EXERCISE PROMPT: Reproduce the listing exactly. Omit pictures.

**** AVAILABLE DATA

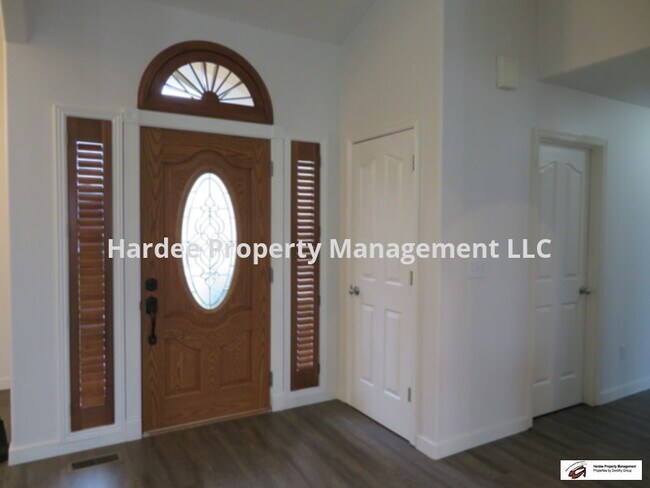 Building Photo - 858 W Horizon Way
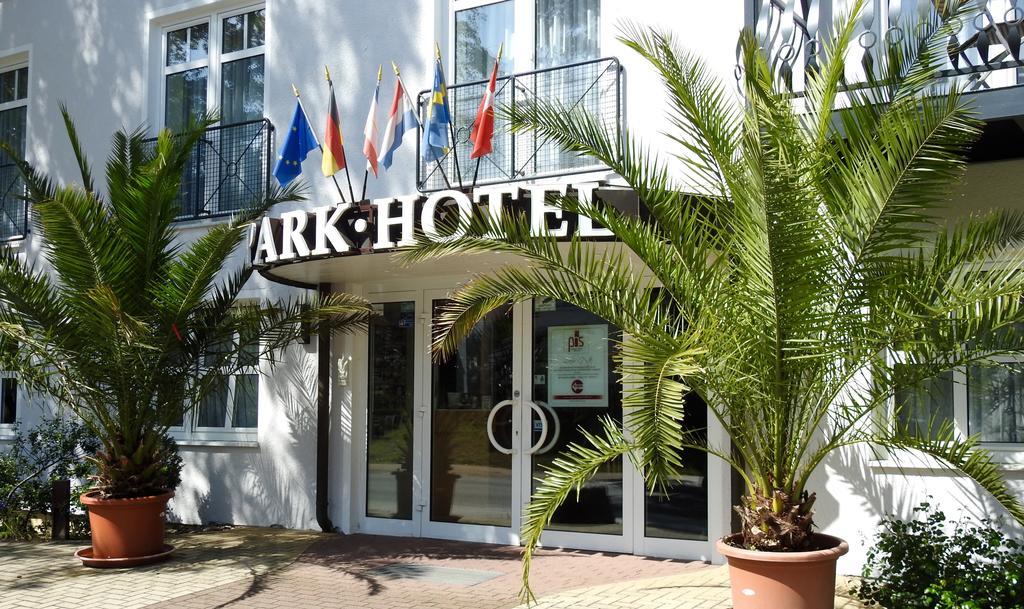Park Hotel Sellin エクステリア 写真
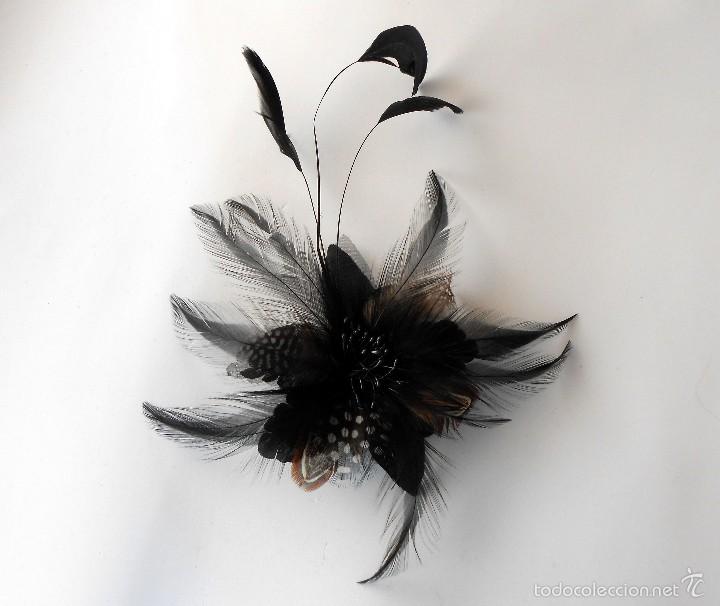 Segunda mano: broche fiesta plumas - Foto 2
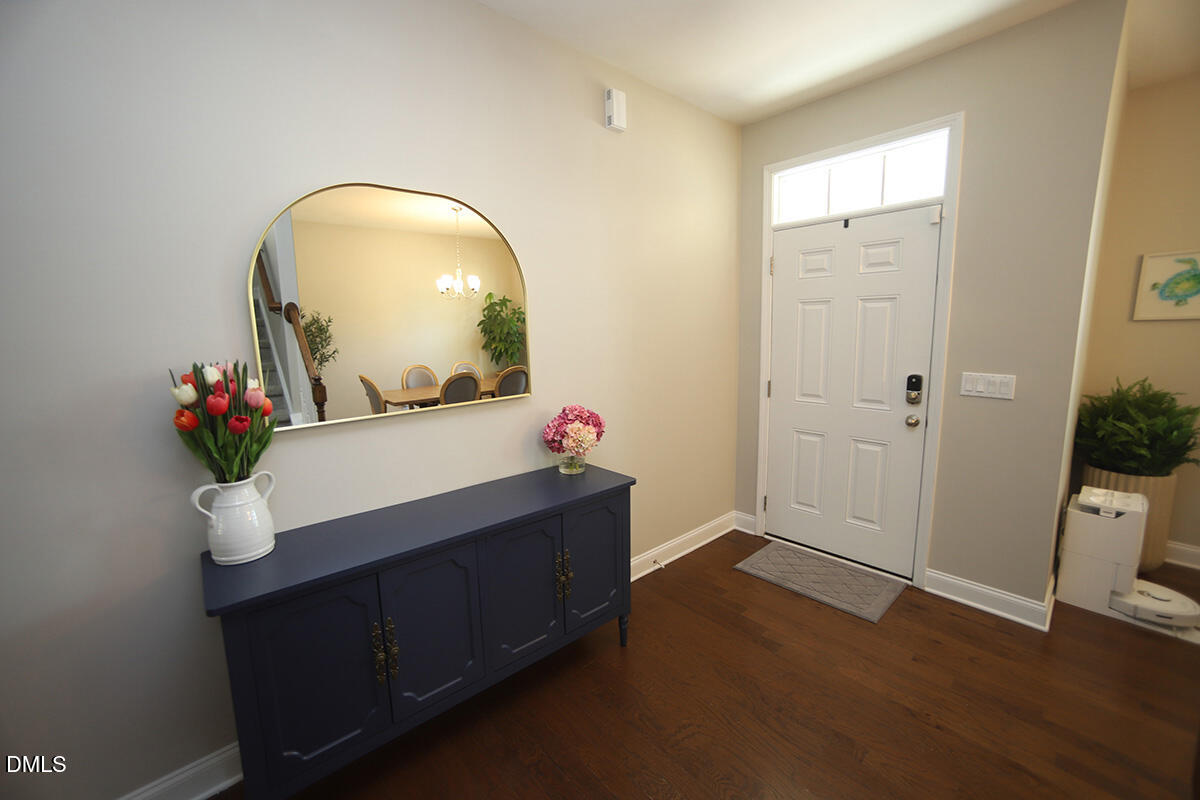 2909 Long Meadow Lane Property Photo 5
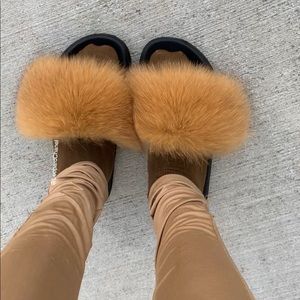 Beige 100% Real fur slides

********

PROBLEM SOLUTION:
 Building Photo - 858 W Horizon Way
Park Hotel Sellin エクステリア 写真
 Segunda mano: broche fiesta plumas - Foto 2
 2909 Long Meadow Lane Property Photo 5
 Beige 100% Real fur slides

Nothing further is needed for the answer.